«Треск шаблонов» и другие истории из жизни инвалидов

Елена Кучеренко

Произошла у нас в санатории в Анапе интересная история.

Нам с нашей пятой дочкой Машей, у которой синдром Дауна, дали сюда путевки, а четвертую – Тоню, я взяла за доплату.

На самом деле, тут много чего интересного произошло. Но начну с этой, очень забавной. Я ей даже название придумала: «Треск шаблонов».

Но мало того, что забавная, она еще и очень показательная – в нашем «инвалидном деле».

* * *

В общем, гуляли мы с Машей по нашему санаторию, гуляли... И зашли на детскую площадку. А там семья – папа, мама и девочка лет пяти. 

Муж и жена на дочку мою косятся, шепчутся. В глазах недоумение и легкий испуг, переходящие в сострадание и интерес. Но это обычное дело. Я давно привыкла. 

Дело в том, что у Маши очень типичная для синдрома внешность. Вот как рисовали «даунов» в старых советских учебниках – такая она и есть. Она не страшная, нет. Очень даже красивая девочка. Но весь набор стигм и признаков у нее присутствует во всей красе. Если у других детей с трисомией что-то сглажено, другое не так заметно. То у Машули все четко, ясно и двух мнений быть не может. 

Люди сначала чуть пугаются и недоумевают, мол: «Как с современными технологиями такое могло случиться?». Не со зла – невольно, как бы примеряя на себя.
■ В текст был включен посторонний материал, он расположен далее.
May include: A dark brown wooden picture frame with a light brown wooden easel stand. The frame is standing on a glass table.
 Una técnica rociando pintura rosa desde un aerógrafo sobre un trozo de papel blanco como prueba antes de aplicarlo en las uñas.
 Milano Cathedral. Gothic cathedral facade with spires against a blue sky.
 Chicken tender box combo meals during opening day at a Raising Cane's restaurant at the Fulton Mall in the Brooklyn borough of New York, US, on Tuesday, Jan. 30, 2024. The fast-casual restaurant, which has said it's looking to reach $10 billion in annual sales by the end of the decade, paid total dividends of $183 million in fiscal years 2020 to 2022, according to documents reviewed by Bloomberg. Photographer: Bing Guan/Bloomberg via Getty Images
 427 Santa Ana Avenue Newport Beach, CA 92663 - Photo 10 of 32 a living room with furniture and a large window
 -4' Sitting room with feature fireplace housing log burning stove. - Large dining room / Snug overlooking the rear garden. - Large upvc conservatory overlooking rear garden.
Это вполне нормальный, естественный порыв. Потом начинают сопереживать. А потом им интересно – а как мы живем, такие семьи? Вот и у этих мужа и жены во взгляде все это присутствовало...

Маша, тем временем, покачалась на качелях, скатилась с горки, пошла по другим своим детским делам и оказалась у лавочки, на которой та семья и сидела. 

– Тебя как зовут? – спросила ее та девочка. 

Папа и мама ее даже вздрогнули.

– Маша!
– А меня Катя! Пойдем играть в классики! 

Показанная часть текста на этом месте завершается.